Bathrooms are outfitted with separate shower and soaking tub, as well as Engligh-themed Gilchrist & Soames toiletries.
Other amenities include fine-dining at Wellington Restaurant, the full-service Austin Springs Spa and Salon, a 24/7 fitness center, and seasonal heated outdoor pool.
Local Hotel Recommendations
Locals also recommend historic Eureka Inn in Jonesborough TN or the The Pigeon and Pearl apartment in Downtown Johnson City, available on Airbnb.com.
Restaurants In Johnson City TN
For a relatively small city, Johnson City has a surprisingly eclectic collection of restaurants.
Best Bets For Breakfast
For a classic big breakfast, you can’t go wrong with Pennyman’s Diner. But for a breakfast on your way to an early morning hike, you won’t find anything faster than PAL’s Sudden Service. Open 24/7, the colorful fast food restaurant can be found in a number of regional locations.
When you crave a fruitier option, head to Java Juice House.

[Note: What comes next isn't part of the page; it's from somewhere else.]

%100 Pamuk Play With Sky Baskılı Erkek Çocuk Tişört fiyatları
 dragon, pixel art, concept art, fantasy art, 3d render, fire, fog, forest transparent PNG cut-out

Customize a smoothie bowl or order from a full menu of smoothies and crepes. And if it’s Sunday, don’t miss brunch at Cootie Browns’ Campus location.
EAT: Shamrock Beverage & Tobacco Shop
It might seem like an unlikely place to get a bite, but Shamrock has been serving Downtown Johnson City since 1929. A drive-thru window gives you the option of avoiding going in, but that would be a shame.
Open all day, the shop has a fascinating array of specialty tobacco and pipes. And this is where you’re likely to meet local residents.
As for the menu, check Shamrock’s Facebook Page for daily specials or order a classic Southern combination: Pimiento Cheese Sandwich and Strawberry Milkshake.
EAT: Cootie Browns.
Locally owned, Cootie Browns has the festive vibe of the Caribbean, with a menu to match. They now have three locations–two in Johnson City, and one in Bristol–and they ship pies and Jamaican Jerk Sauce nationwide.
Must haves include the “Maytag” Blue Cheese Spiral Chips and the Key Lime Pie that’s made them famous.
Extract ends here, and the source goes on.